(Records excerpted from a collection)
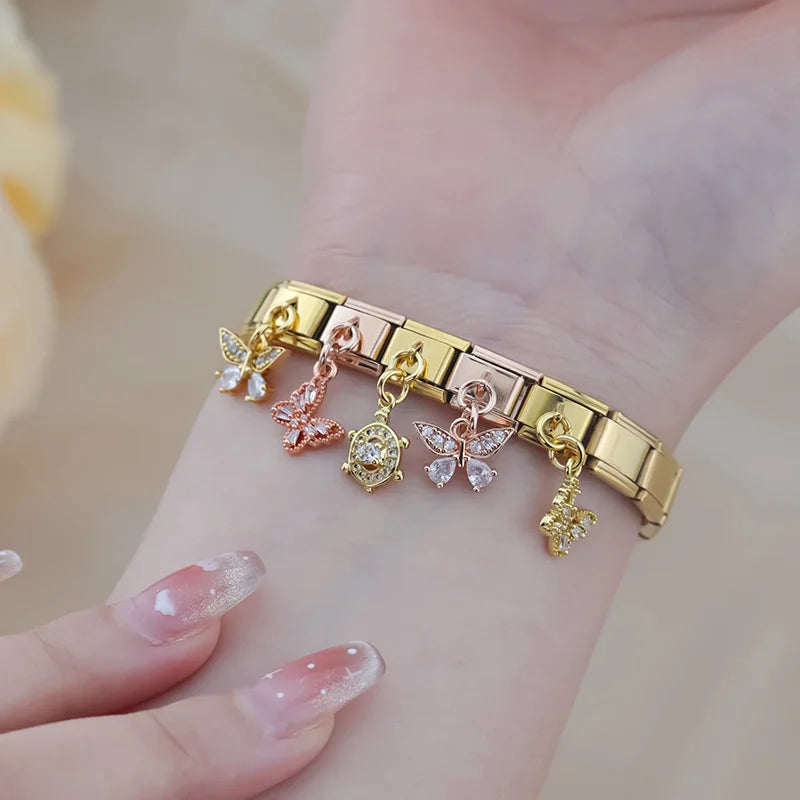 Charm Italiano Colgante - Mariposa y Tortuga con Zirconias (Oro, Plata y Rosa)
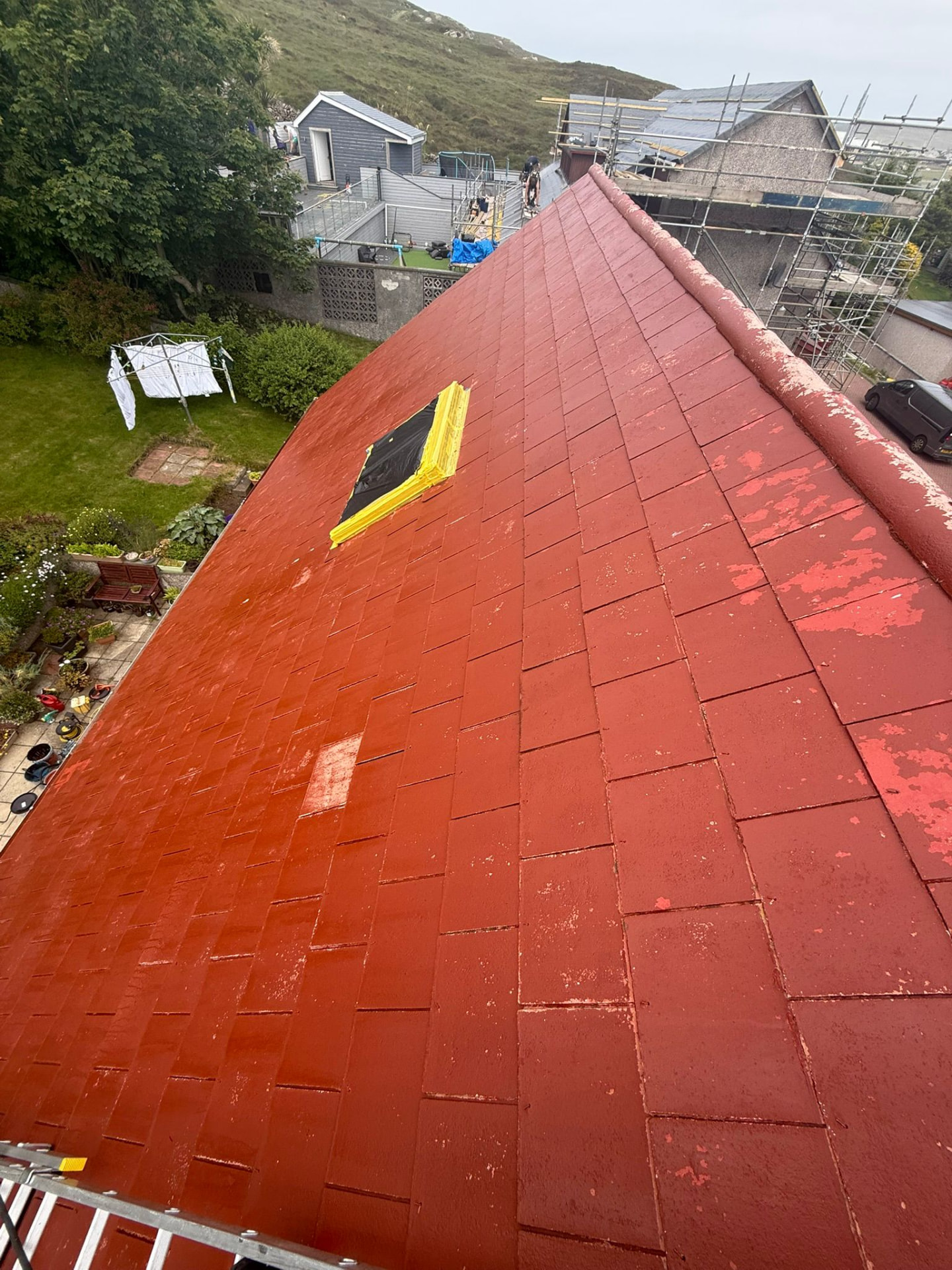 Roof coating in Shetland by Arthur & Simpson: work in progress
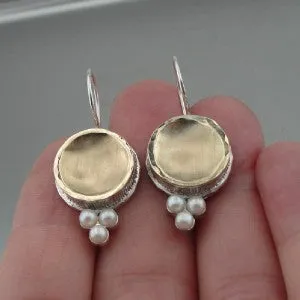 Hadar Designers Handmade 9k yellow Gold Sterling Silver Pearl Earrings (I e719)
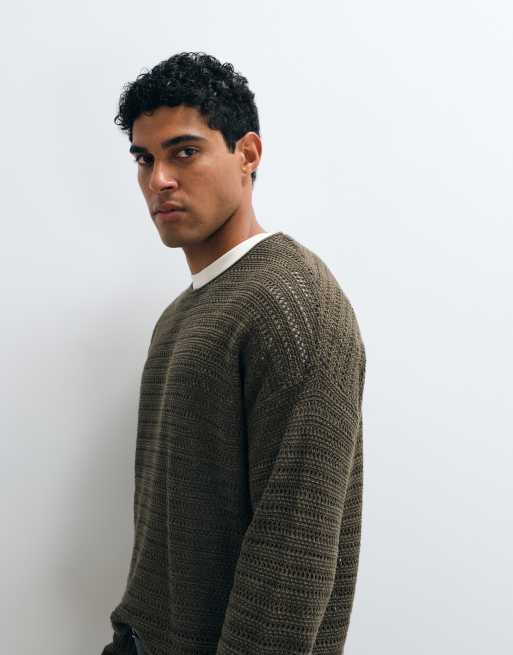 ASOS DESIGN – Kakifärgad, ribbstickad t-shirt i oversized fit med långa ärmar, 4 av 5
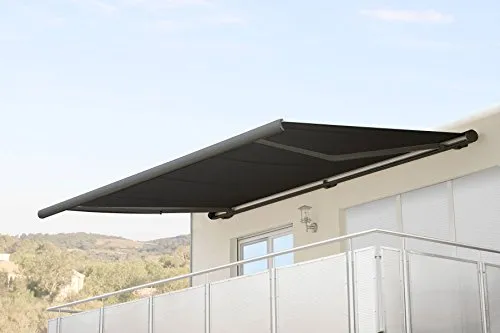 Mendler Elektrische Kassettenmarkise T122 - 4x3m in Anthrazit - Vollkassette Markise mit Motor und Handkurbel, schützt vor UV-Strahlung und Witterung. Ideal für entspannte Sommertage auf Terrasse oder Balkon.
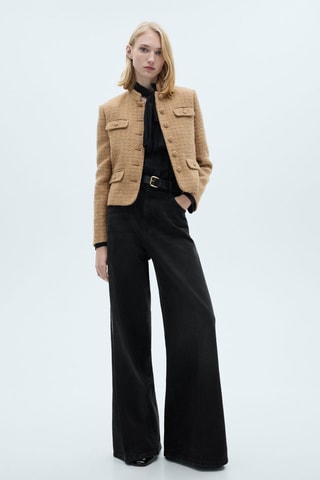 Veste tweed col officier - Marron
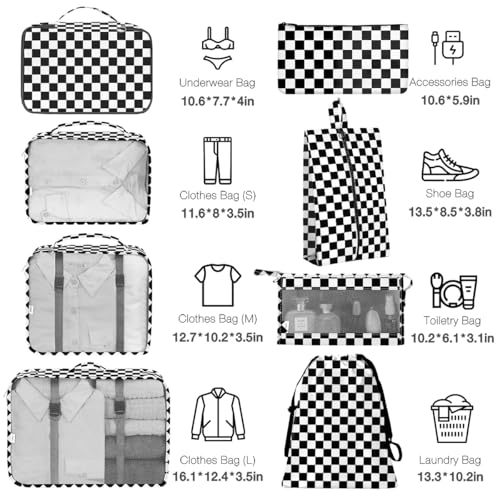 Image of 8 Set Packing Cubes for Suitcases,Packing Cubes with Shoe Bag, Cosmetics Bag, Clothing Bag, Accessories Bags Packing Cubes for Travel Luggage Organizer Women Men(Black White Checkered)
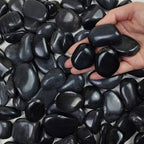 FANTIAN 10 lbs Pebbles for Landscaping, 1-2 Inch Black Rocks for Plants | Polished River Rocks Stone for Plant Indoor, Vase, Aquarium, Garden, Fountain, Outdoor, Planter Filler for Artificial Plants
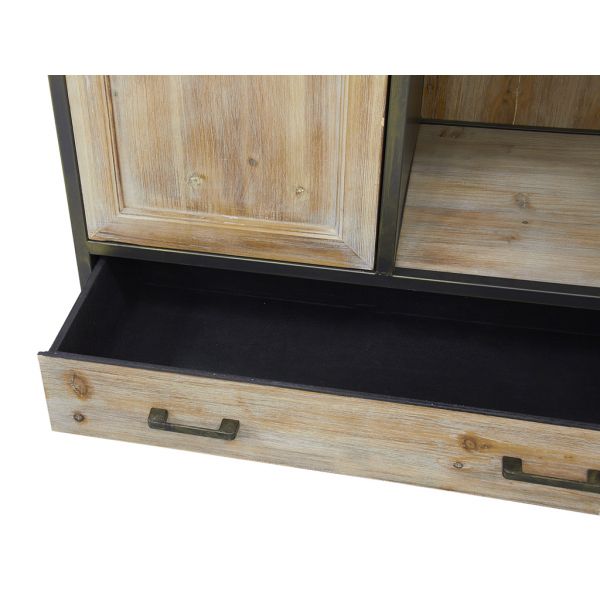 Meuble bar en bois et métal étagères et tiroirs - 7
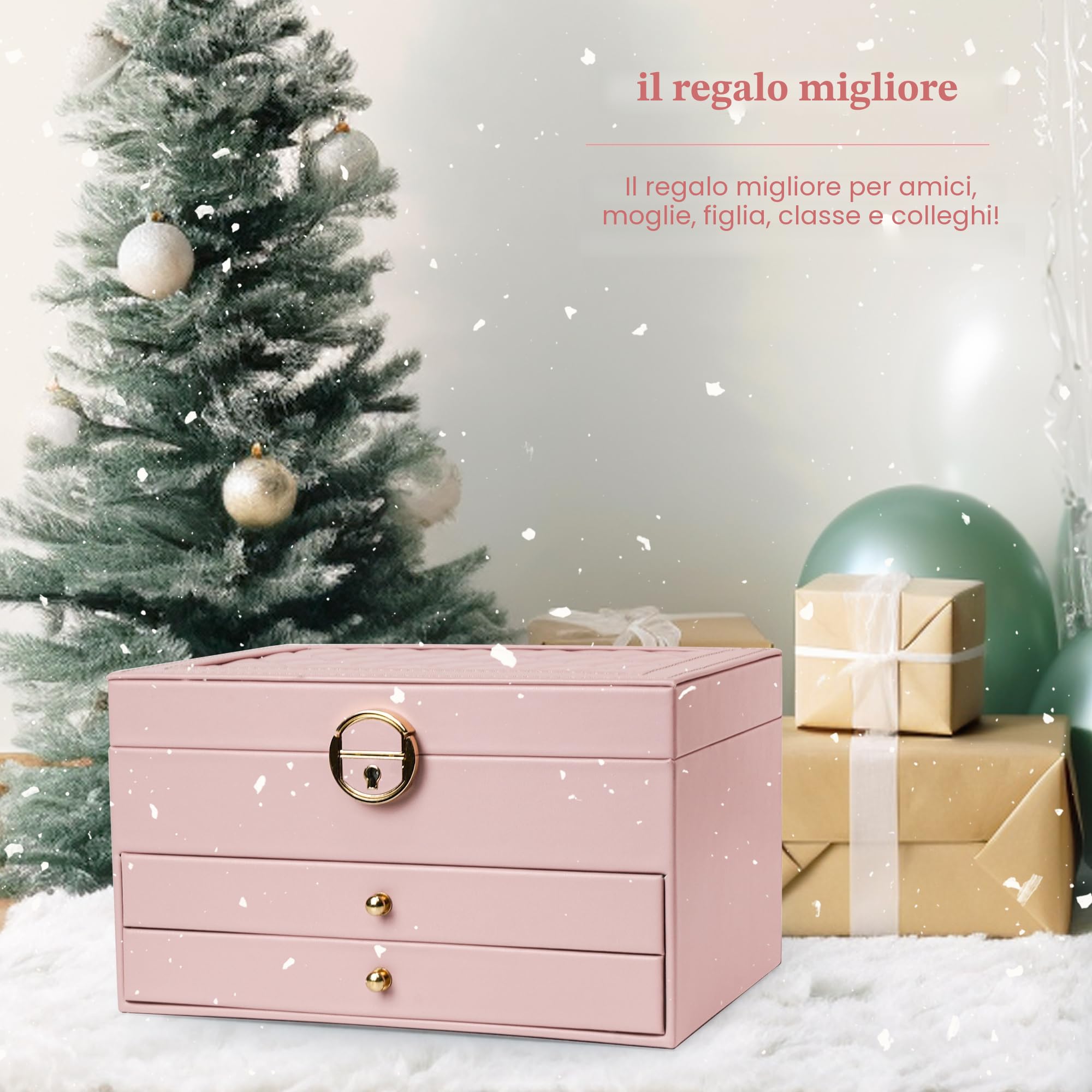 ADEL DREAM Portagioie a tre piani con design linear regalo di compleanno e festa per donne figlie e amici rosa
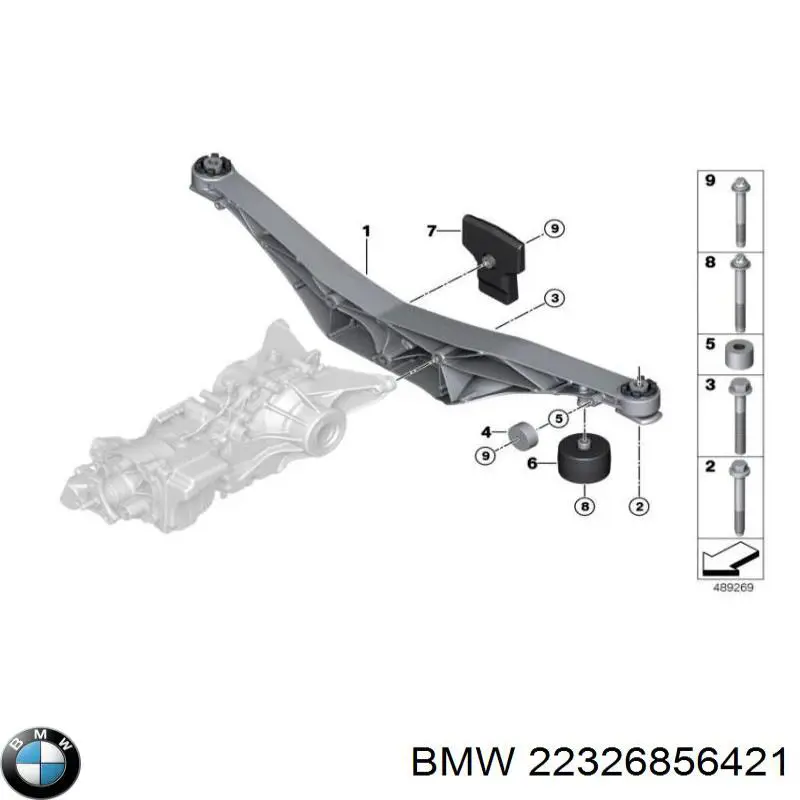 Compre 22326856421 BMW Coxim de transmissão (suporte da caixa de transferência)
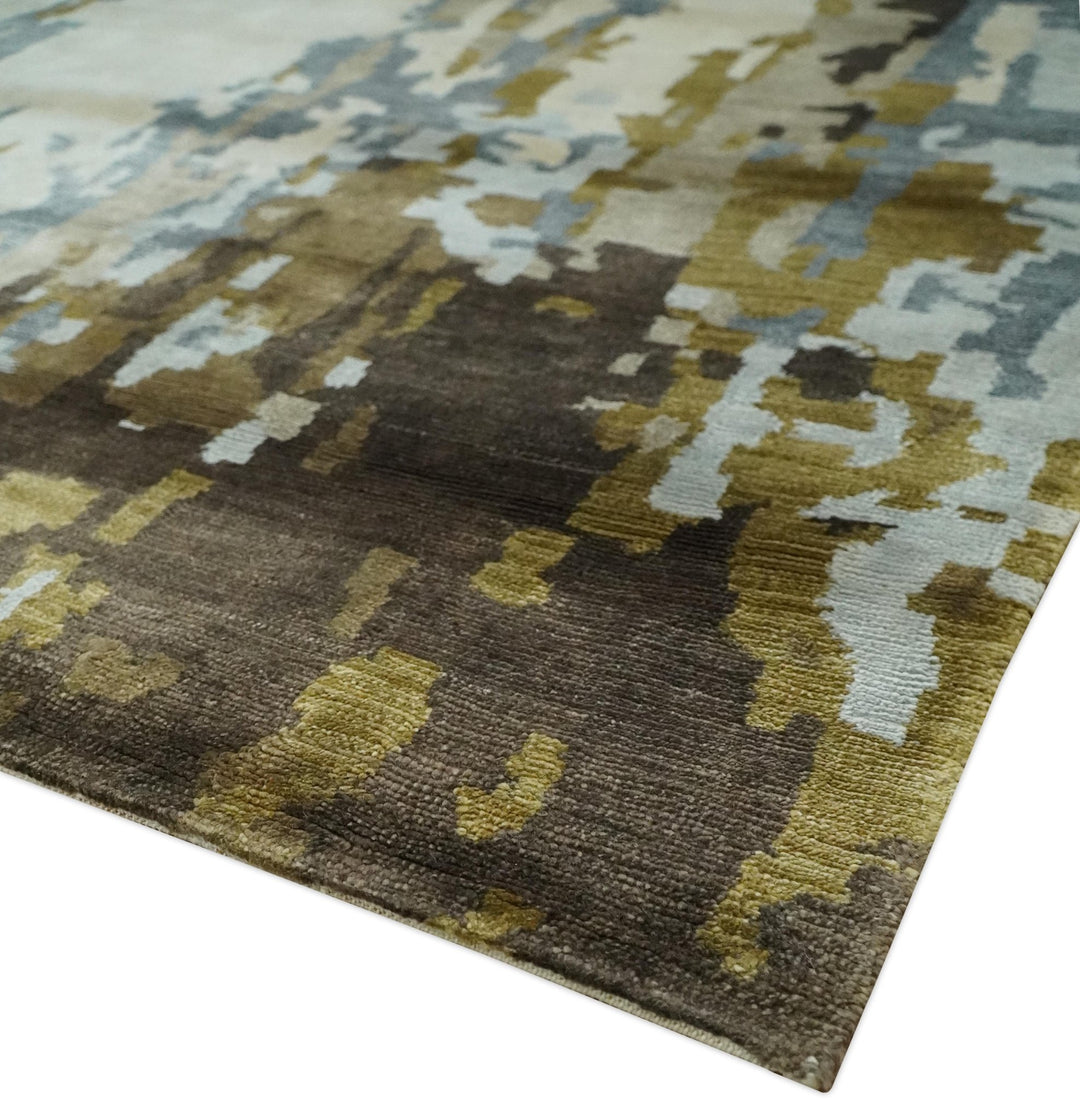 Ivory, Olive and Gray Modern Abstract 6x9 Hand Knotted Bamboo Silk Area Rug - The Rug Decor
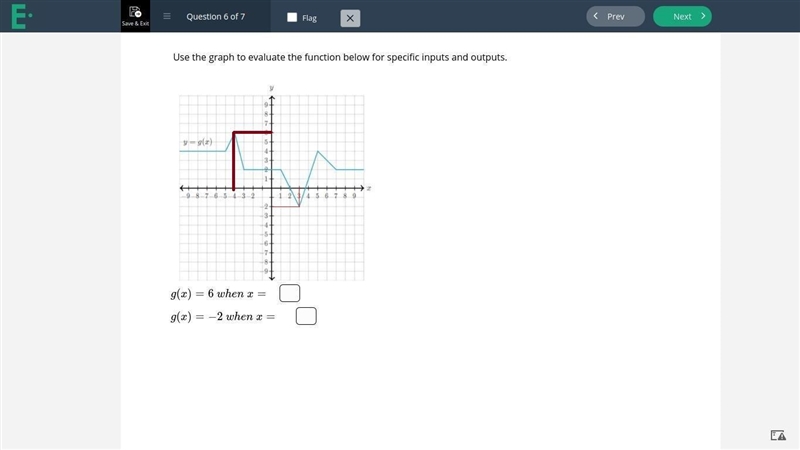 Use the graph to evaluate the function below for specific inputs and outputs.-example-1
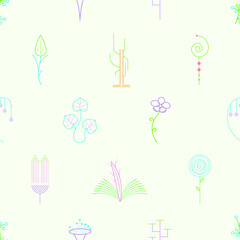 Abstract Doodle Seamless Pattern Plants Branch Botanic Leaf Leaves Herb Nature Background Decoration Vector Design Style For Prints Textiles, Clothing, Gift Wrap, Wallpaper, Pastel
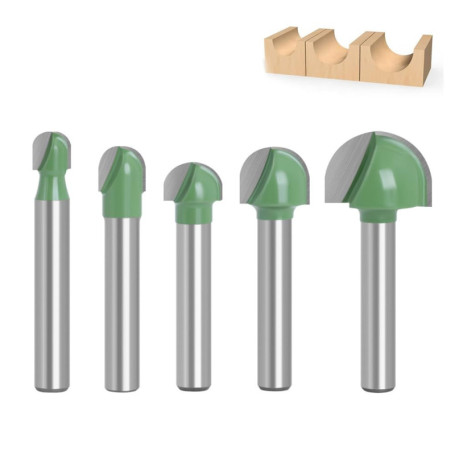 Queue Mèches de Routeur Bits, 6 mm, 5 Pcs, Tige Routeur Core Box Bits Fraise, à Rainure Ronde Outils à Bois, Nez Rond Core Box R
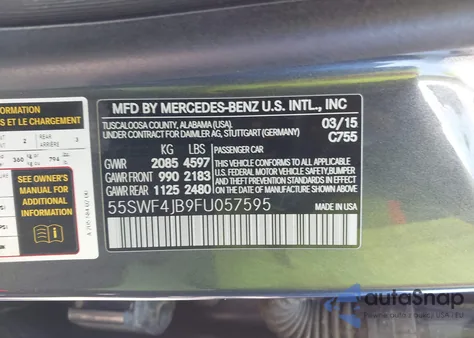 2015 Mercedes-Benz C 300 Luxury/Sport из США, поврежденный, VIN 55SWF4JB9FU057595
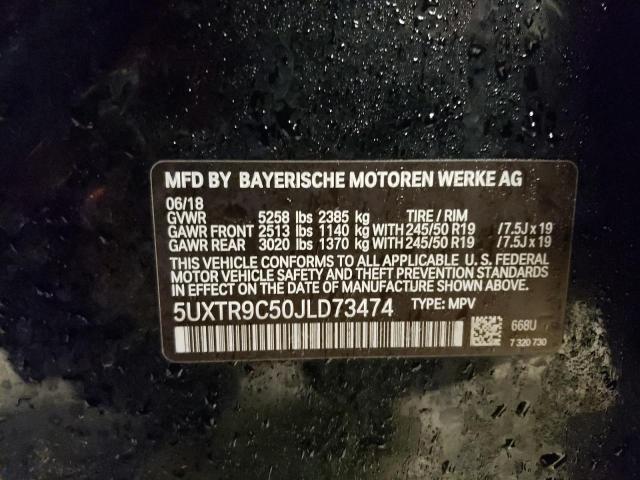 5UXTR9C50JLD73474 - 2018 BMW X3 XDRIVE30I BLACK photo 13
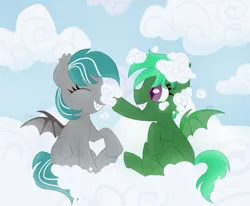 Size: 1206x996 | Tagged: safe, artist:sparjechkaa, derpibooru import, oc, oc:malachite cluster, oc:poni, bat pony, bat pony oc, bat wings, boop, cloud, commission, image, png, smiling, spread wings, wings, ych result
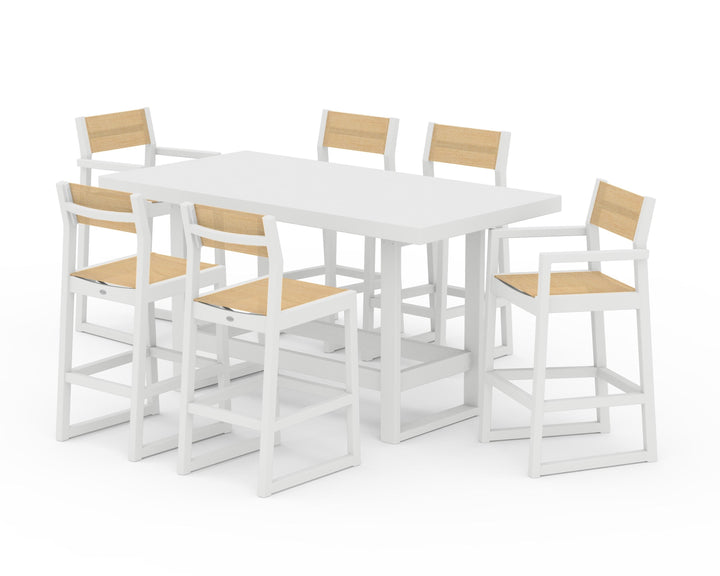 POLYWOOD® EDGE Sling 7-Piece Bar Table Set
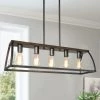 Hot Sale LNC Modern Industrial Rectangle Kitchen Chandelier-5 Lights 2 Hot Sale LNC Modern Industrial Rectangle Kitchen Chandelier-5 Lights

**Work item**: Give back exactly, and only, the lines from the one holding "Ivory, Olive and" through the last line of the entries, with every picture omitted.

**Solution for this exercise**:
 Ivory, Olive and Gray Modern Abstract 6x9 Hand Knotted Bamboo Silk Area Rug - The Rug Decor
 Use the graph to evaluate the function below for specific inputs and outputs.-example-1
 Abstract Doodle Seamless Pattern Plants Branch Botanic Leaf Leaves Herb Nature Background Decoration Vector Design Style For Prints Textiles, Clothing, Gift Wrap, Wallpaper, Pastel
 Queue Mèches de Routeur Bits, 6 mm, 5 Pcs, Tige Routeur Core Box Bits Fraise, à Rainure Ronde Outils à Bois, Nez Rond Core Box R
 2015 Mercedes-Benz C 300 Luxury/Sport из США, поврежденный, VIN 55SWF4JB9FU057595
 5UXTR9C50JLD73474 - 2018 BMW X3 XDRIVE30I BLACK photo 13
 Size: 1206x996 | Tagged: safe, artist:sparjechkaa, derpibooru import, oc, oc:malachite cluster, oc:poni, bat pony, bat pony oc, bat wings, boop, cloud, commission, image, png, smiling, spread wings, wings, ych result
 POLYWOOD® EDGE Sling 7-Piece Bar Table Set
 Hot Sale LNC Modern Industrial Rectangle Kitchen Chandelier-5 Lights 2 Hot Sale LNC Modern Industrial Rectangle Kitchen Chandelier-5 Lights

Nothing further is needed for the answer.